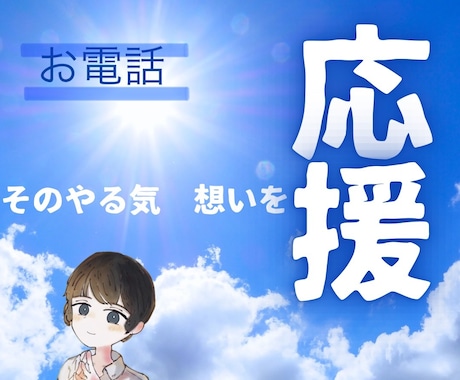 誰かに応援してもらいたい！その想いにこたえます 自分で決めたこと、やる気、意気込み！一緒になって応援します イメージ2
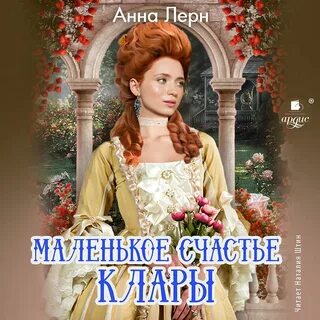 Аудиокнига полины ром брачные контракты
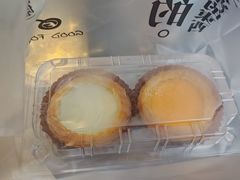 -兴华里茶记(禅城同济首店)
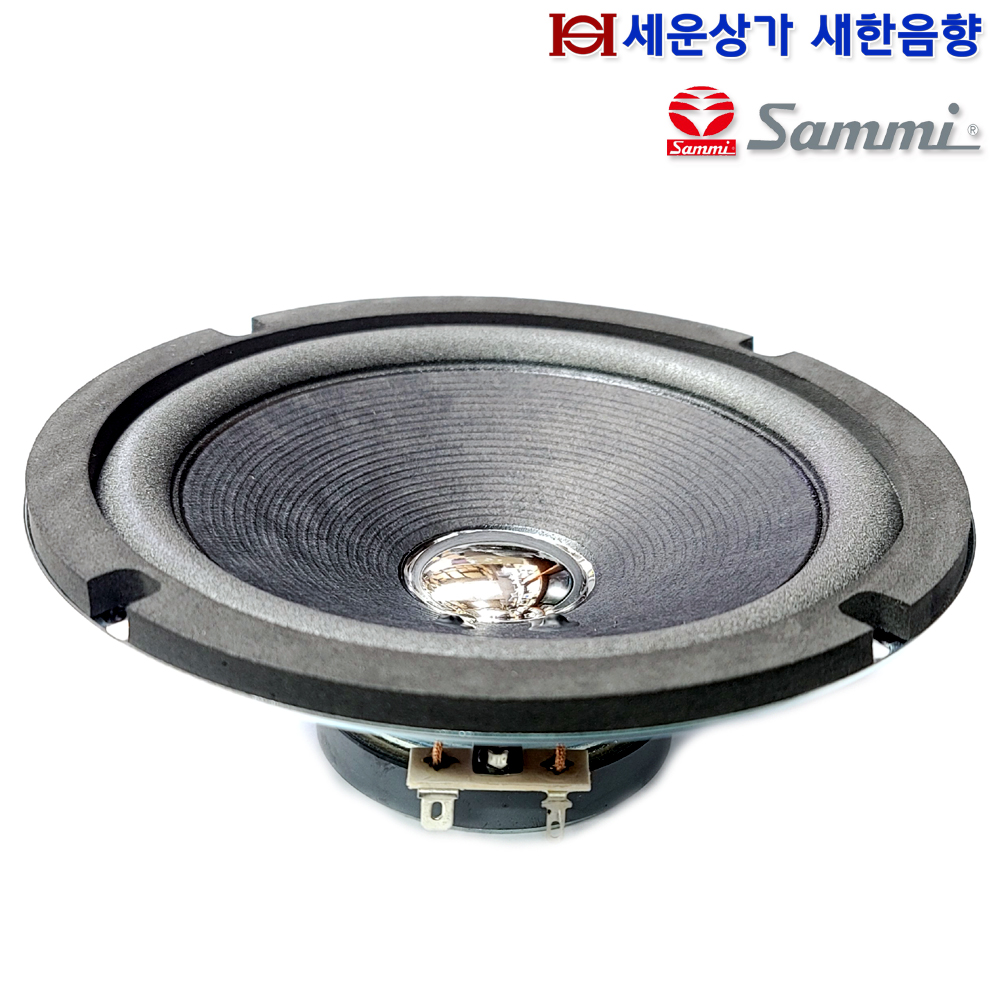 CWR-165B20 삼미스피커 6.5인치 풀레인지 스피커,최대 40W,오디오 스피커 : 새한음향 세운상가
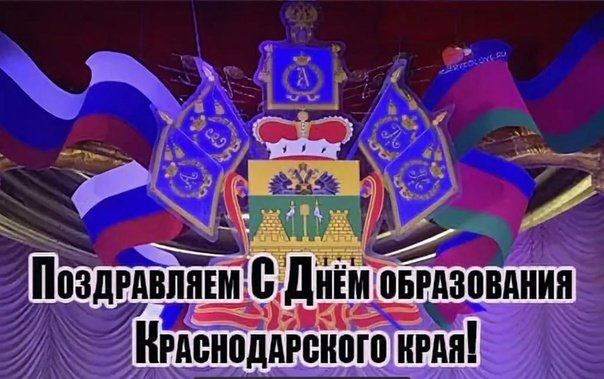 день основания краснодарского края 13 сентября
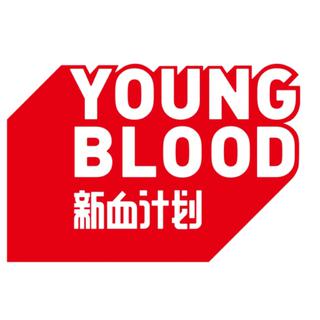 2020 YoungBlood 中国最新锐乐队音乐人大汇
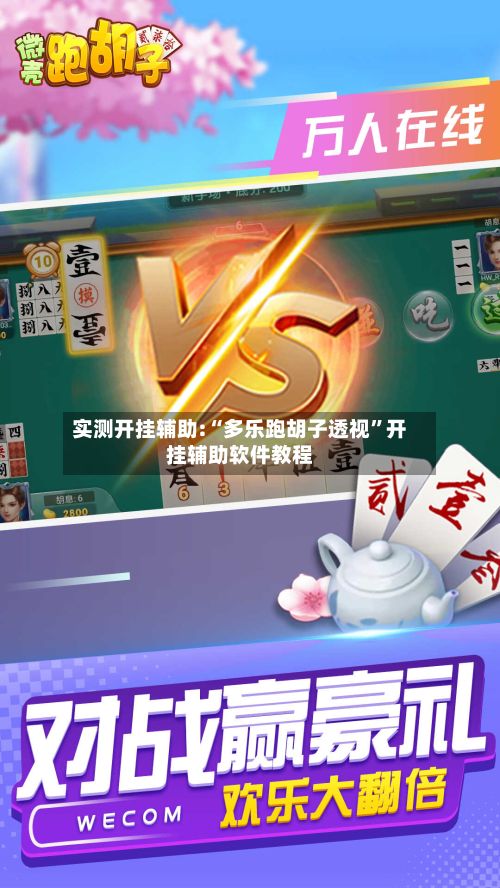 实测开挂辅助:“多乐跑胡子透视	”开挂辅助软件教程-第2张图片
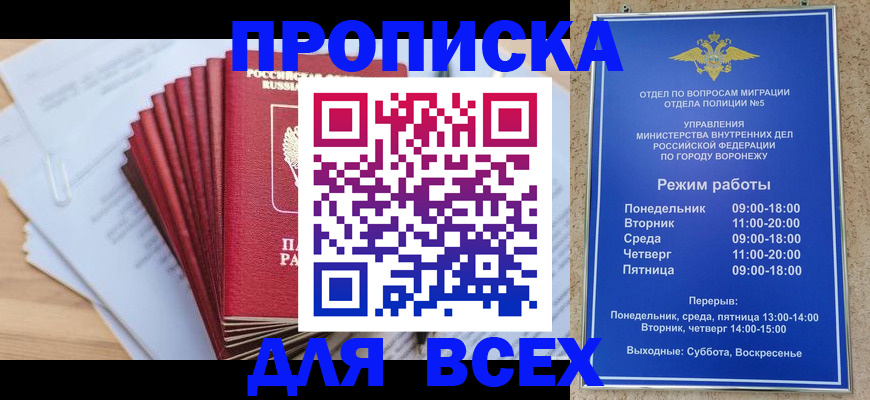 временная регистрация для всех в Сосногорске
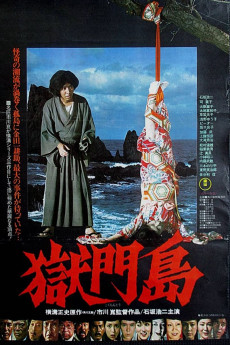 The Devil's Island (1977)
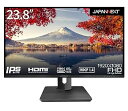 【中古】JAPANNEXT 23.8インチ モニター フルHD 1920x1080解像度 IPS ディスプレイ (HDMI/USB-C 給電 (65W) / ス...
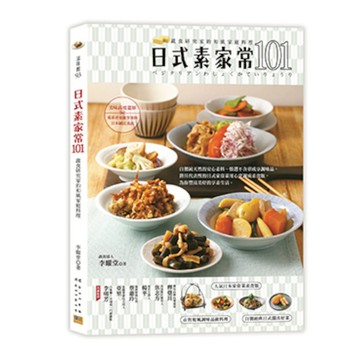 日式素家常101：蔬食研究家的和風家庭料理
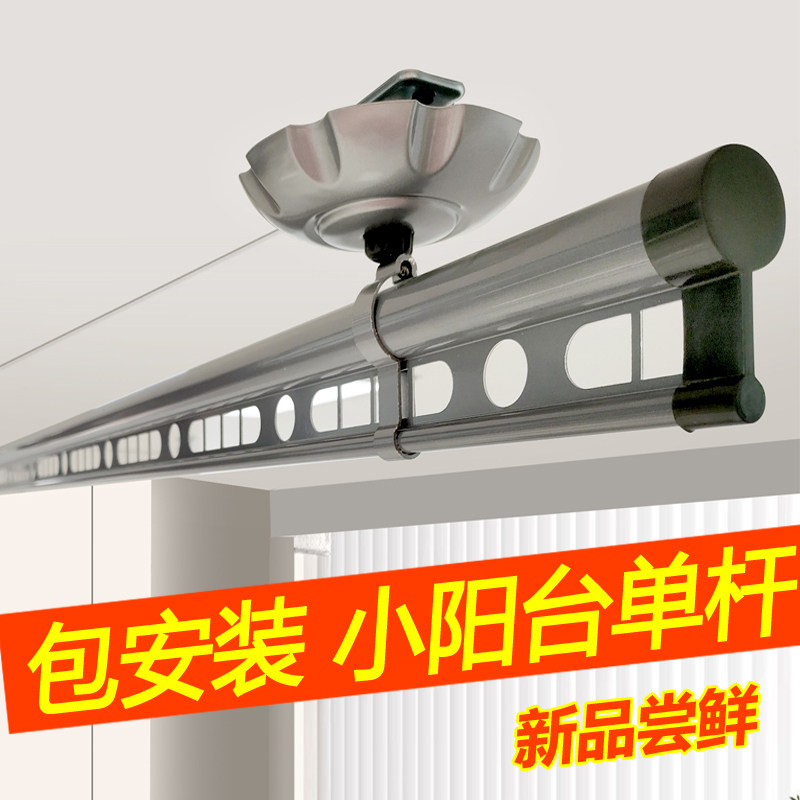 手摇升降式晾衣架包安装上门大阳台4米杆小户型室内手动凉杆加厚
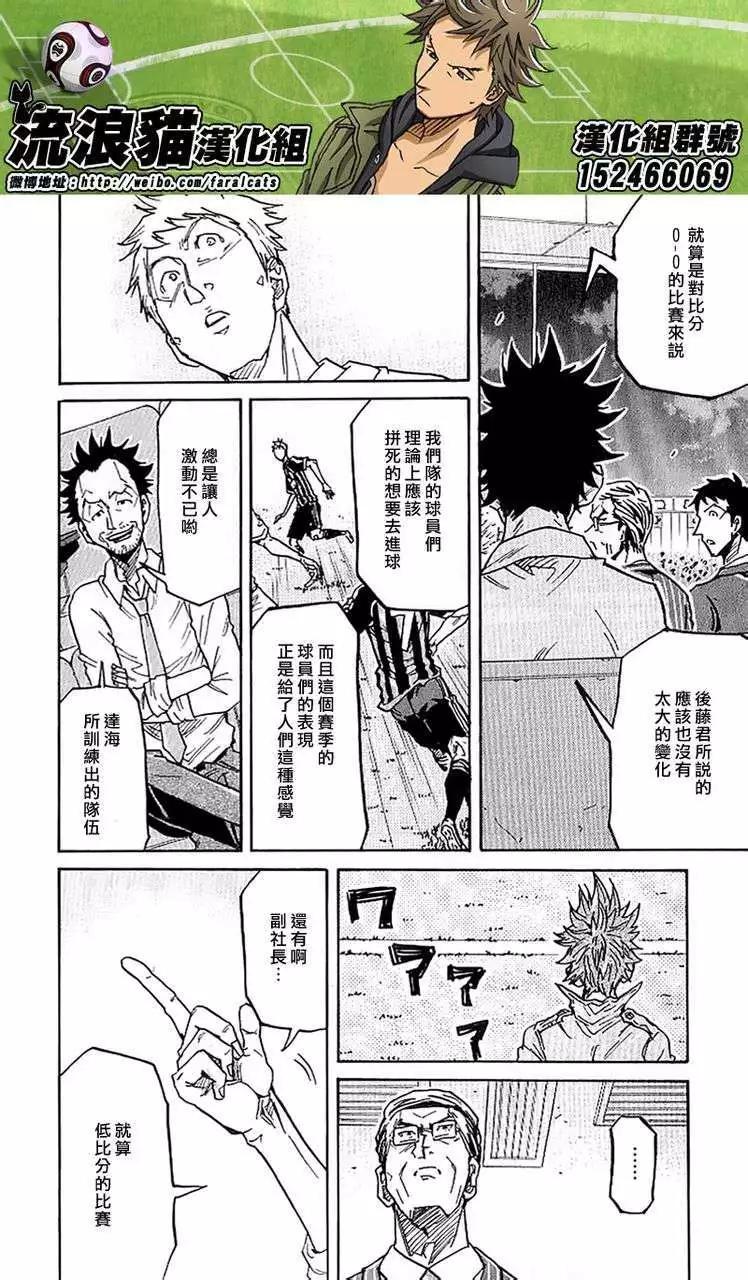 🍗逆转监督GIANT KILLING 第230回 第12页
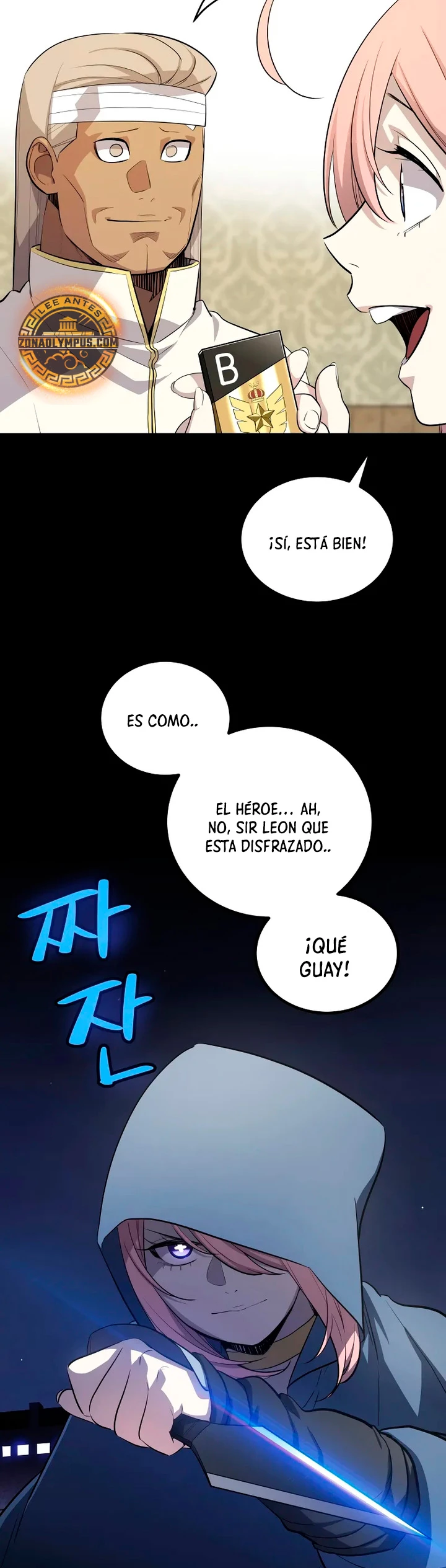 Espada OP > Capitulo 119 > Page 161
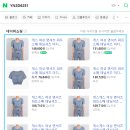 처음 가본 곤지암 모다아울렛 진짜 가격이 쌀까?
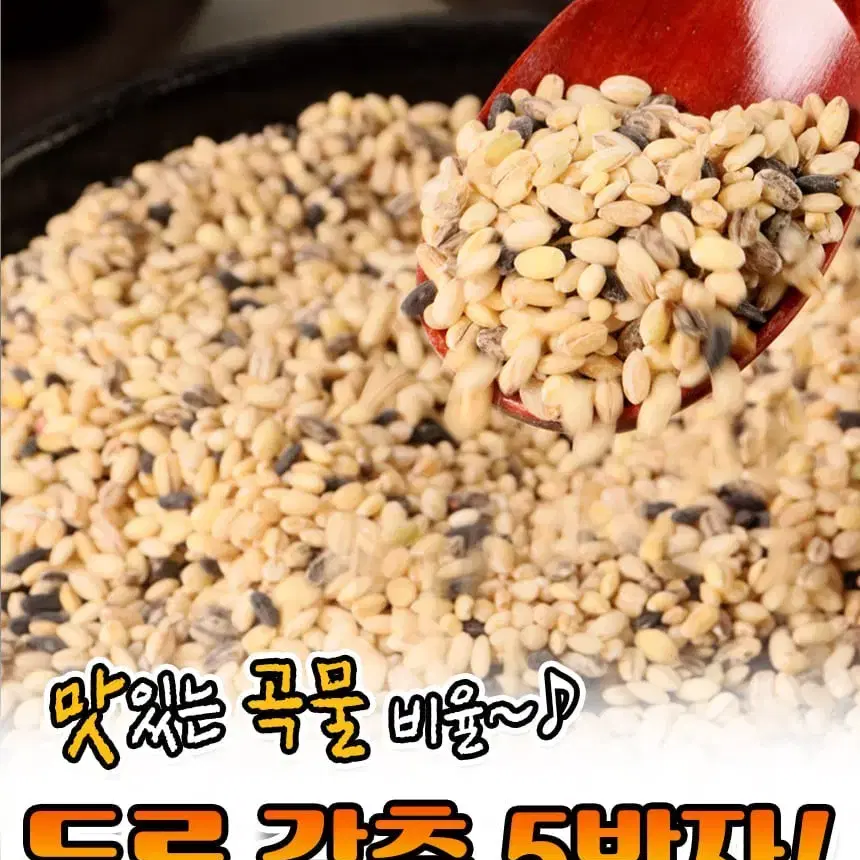 오색현미(800g  x  2팩) 22,000원 무배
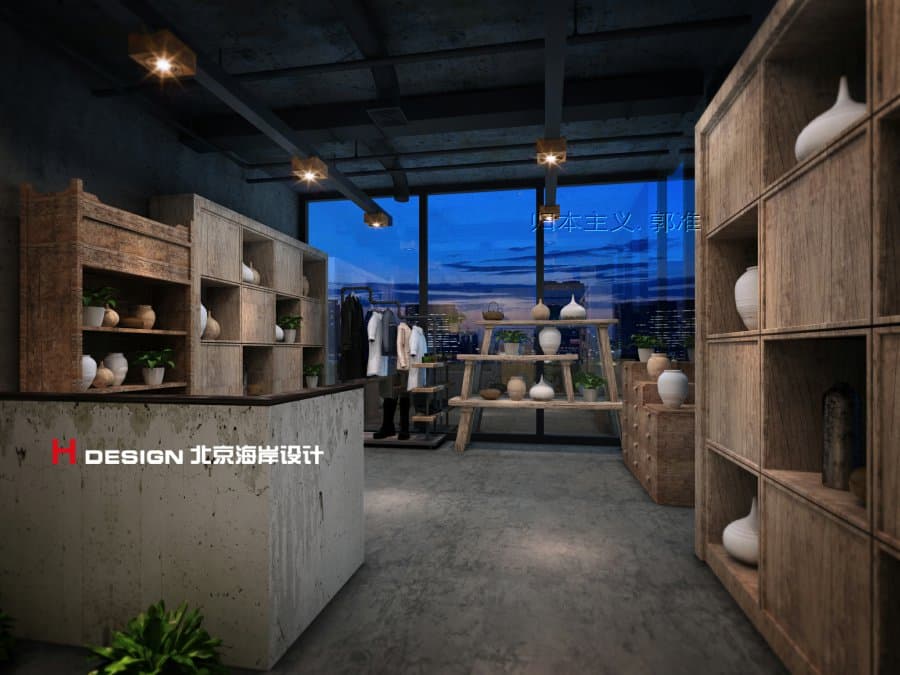 商业空间设计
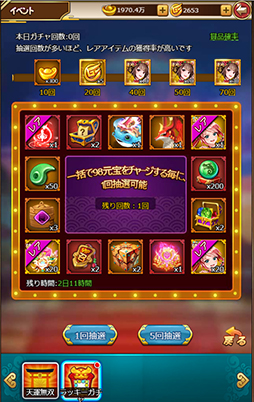 ���������꡼ No.005�Υ���ͥ������ / �ֻ��񥬡��륺�ס�GUR�𾭤�¹�������������Ǥ������פꥤ�٥�ȡɤ�����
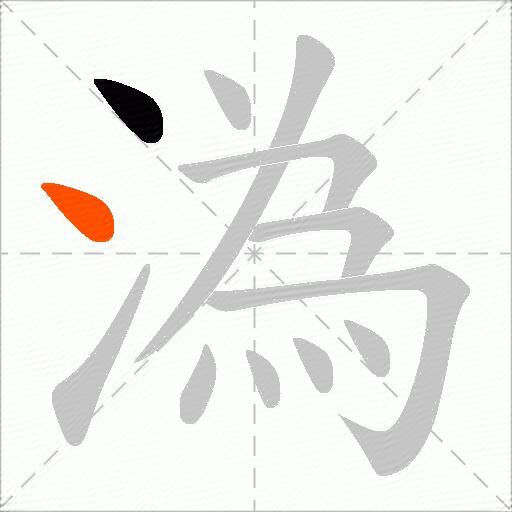 溈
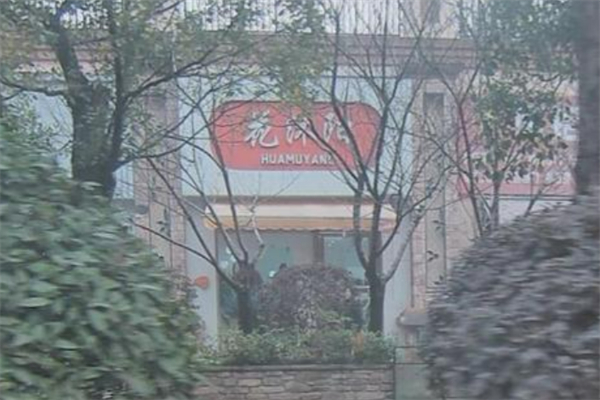 花沐阳连锁女装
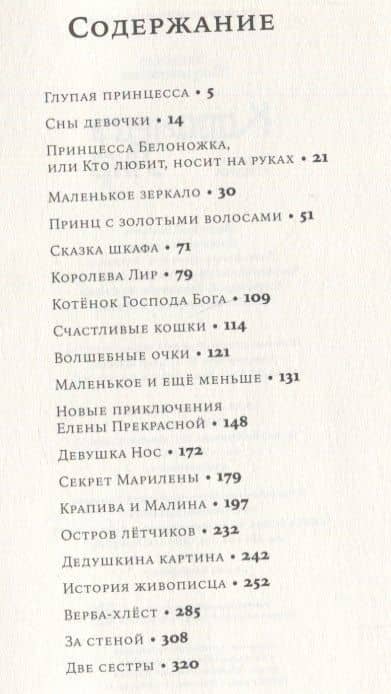 Королева Лир. Чудесные истории — Людмила Стефановна Петрушевская (2)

----------------

WHAT IS BEING ASKED
With the pictures excluded, retype the records above verbatim.

EXPECTED ANSWER
 誰かに応援してもらいたい！その想いにこたえます 自分で決めたこと、やる気、意気込み！一緒になって応援します イメージ2
 Аудиокнига полины ром брачные контракты
 -兴华里茶记(禅城同济首店)
 CWR-165B20 삼미스피커 6.5인치 풀레인지 스피커,최대 40W,오디오 스피커 : 새한음향 세운상가
 день основания краснодарского края 13 сентября
 2020 YoungBlood 中国最新锐乐队音乐人大汇
 实测开挂辅助:“多乐跑胡子透视	”开挂辅助软件教程-第2张图片
 временная регистрация для всех в Сосногорске
 The Devil's Island (1977)
 【中古】JAPANNEXT 23.8インチ モニター フルHD 1920x1080解像度 IPS ディスプレイ (HDMI/USB-C 給電 (65W) / ス...
 日式素家常101：蔬食研究家的和風家庭料理
 手摇升降式晾衣架包安装上门大阳台4米杆小户型室内手动凉杆加厚
 🍗逆转监督GIANT KILLING 第230回 第12页
 Espada OP > Capitulo 119 > Page 161
 처음 가본 곤지암 모다아울렛 진짜 가격이 쌀까?
 오색현미(800g  x  2팩) 22,000원 무배
 商业空间设计
 ���������꡼ No.005�Υ���ͥ������ / �ֻ��񥬡��륺�ס�GUR�𾭤�¹�������������Ǥ������פꥤ�٥�ȡɤ�����
 溈
 花沐阳连锁女装
 Королева Лир. Чудесные истории — Людмила Стефановна Петрушевская (2)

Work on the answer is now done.